MCNN-AAPT: accurate classification and functional prediction of amino acid and peptide transporters in secondary active transporters using protein language models and multi-window deep learning

J Biomol Struct Dyn. 2024 Nov 22:1-10. doi: 10.1080/07391102.2024.2431664. Online ahead of print.

Abstract

Secondary active transporters play a crucial role in cellular physiology by facilitating the movement of molecules across cell membranes. Identifying the functional classes of these transporters, particularly amino acid and peptide transporters, is essential for understanding their involvement in various physiological processes and disease pathways, including cancer. This study aims to develop a robust computational framework that integrates pre-trained protein language models and deep learning techniques to classify amino acid and peptide transporters within the secondary active transporter (SAT) family and predict their functional association with solute carrier (SLC) proteins. The study leverages a comprehensive dataset of 448 secondary active transporters, including 36 solute carrier proteins, obtained from UniProt and the Transporter Classification Database (TCDB). Three state-of-the-art protein language models, ProtTrans, ESM-1b, and ESM-2, are evaluated within a deep learning neural network architecture that employs a multi-window scanning technique to capture local and global sequence patterns. The ProtTrans-based feature set demonstrates exceptional performance, achieving a classification accuracy of 98.21% with 87.32% sensitivity and 99.76% specificity for distinguishing amino acid and peptide transporters from other SATs. Furthermore, the model maintains strong predictive ability for SLC proteins, with an overall accuracy of 88.89% and a Matthews Correlation Coefficient (MCC) of 0.7750. This study showcases the power of integrating pre-trained protein language models and deep learning techniques for the functional classification of secondary active transporters and the prediction of associated solute carrier proteins. The findings have significant implications for drug development, disease research, and the broader understanding of cellular transport mechanisms.

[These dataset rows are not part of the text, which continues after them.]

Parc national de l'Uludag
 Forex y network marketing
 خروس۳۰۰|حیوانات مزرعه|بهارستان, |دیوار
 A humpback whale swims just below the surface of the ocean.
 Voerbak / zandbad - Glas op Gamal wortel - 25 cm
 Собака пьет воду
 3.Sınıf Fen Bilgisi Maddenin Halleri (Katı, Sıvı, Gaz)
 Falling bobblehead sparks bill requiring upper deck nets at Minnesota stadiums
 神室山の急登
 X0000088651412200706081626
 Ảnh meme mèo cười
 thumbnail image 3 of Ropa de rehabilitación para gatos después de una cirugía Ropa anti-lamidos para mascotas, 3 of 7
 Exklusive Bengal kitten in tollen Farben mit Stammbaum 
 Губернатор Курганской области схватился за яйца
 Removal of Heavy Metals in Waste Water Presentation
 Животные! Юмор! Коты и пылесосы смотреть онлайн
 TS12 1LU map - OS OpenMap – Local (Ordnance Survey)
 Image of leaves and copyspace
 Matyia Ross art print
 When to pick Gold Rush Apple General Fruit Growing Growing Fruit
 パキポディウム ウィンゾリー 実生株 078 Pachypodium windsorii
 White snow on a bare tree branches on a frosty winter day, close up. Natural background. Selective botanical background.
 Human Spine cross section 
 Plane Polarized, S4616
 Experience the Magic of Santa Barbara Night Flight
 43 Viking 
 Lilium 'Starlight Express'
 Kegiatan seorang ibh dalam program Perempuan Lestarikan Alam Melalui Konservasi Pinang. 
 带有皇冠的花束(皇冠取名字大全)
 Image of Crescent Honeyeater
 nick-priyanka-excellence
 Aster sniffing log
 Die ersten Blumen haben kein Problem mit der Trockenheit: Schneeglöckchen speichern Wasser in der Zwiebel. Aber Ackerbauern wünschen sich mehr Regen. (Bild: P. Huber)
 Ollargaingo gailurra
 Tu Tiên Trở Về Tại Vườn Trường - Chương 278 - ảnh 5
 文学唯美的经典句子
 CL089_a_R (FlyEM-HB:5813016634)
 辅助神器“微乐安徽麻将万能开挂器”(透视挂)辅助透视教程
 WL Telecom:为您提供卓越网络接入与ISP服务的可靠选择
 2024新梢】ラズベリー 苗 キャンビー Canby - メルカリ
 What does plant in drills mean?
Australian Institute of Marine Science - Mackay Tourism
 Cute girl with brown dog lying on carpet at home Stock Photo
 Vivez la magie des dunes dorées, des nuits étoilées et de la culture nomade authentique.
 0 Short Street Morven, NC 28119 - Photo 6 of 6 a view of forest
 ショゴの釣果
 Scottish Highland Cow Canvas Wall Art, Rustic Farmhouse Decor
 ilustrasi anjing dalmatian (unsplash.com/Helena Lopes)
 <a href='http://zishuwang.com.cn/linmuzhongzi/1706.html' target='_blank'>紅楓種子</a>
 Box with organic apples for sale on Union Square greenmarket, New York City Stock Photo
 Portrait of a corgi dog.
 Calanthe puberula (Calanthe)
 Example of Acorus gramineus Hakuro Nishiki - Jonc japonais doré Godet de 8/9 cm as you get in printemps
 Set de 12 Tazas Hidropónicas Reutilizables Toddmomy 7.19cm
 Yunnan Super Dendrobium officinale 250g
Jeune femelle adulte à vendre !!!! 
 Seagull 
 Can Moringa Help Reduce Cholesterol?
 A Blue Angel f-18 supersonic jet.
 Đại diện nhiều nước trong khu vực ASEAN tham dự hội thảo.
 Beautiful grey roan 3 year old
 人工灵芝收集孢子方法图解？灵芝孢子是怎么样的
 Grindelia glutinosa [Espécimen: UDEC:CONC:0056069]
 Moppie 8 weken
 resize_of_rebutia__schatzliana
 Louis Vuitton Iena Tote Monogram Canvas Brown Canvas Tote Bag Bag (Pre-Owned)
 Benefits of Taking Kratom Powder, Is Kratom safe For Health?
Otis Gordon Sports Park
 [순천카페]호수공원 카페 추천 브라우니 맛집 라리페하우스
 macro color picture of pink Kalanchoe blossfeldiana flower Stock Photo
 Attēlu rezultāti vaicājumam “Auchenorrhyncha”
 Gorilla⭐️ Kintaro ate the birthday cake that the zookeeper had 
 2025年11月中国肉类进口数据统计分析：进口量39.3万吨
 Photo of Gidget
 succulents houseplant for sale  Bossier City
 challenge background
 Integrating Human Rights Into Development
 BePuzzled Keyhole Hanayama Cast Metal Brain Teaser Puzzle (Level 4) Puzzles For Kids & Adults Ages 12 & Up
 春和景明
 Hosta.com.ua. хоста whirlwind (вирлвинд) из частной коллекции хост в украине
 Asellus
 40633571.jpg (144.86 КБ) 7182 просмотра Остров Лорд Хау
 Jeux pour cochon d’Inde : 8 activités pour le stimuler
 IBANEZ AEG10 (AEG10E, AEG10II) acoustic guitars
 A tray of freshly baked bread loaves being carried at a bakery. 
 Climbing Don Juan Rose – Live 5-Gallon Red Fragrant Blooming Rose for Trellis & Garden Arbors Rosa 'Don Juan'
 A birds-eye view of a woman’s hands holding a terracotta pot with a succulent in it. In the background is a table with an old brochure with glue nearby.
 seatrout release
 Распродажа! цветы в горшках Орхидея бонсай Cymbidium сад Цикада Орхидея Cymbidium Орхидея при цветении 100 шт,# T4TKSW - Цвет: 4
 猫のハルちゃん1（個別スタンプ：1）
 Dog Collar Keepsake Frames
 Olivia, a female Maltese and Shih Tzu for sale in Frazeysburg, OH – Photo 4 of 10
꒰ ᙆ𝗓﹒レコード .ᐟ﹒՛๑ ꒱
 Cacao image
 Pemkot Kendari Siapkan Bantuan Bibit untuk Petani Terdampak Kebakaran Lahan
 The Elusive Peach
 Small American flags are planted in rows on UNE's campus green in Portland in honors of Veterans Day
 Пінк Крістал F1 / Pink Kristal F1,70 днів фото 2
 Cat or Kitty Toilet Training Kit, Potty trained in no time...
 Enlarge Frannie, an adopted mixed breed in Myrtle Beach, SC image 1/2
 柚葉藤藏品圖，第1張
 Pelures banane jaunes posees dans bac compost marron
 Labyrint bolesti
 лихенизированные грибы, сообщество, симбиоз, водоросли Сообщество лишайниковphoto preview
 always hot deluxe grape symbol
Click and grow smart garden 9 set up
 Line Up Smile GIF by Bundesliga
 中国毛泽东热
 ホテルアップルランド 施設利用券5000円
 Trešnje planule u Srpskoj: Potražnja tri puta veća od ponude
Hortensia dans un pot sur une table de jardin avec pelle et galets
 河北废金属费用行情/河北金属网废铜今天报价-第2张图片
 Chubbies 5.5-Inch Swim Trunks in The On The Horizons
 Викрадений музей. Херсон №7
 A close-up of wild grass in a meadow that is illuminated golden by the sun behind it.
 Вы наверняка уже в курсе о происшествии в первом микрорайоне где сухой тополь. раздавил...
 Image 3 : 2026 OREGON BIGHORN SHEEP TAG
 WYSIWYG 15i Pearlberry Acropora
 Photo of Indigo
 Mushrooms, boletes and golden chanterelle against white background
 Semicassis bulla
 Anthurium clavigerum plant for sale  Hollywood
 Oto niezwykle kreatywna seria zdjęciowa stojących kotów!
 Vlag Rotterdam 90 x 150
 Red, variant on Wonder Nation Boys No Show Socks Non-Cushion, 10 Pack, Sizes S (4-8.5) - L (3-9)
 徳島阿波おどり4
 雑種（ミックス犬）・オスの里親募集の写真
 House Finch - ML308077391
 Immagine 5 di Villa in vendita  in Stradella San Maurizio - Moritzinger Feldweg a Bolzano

Keywords: Functional classification; drug targeting; protein language models (PLMs); secondary active transporters; solute carrier proteins (SLC).

Plain language summary

This study presents a novel computational approach that integrates pre-trained protein language models, such as ProtTrans, ESM-1b, and ESM-2, with deep learning techniques to achieve two key objectives: 1. accurately classify amino acid and peptide transporters within the secondary active transporter (SAT) family, and 2. Predict the functional association of SATs with solute carrier (SLC) proteins.We developed a comprehensive dataset of 448 secondary active transporters, including 36 SLC proteins, and evaluated the performance of the different language models within a deep-learning neural network framework. The results demonstrate the exceptional performance of the ProtTrans-based feature set, which achieves 98.21% accuracy, 87.32% sensitivity, and 99.76% specificity in distinguishing amino acid and peptide transporters from other SATs, while also maintaining strong predictive ability for SLC proteins.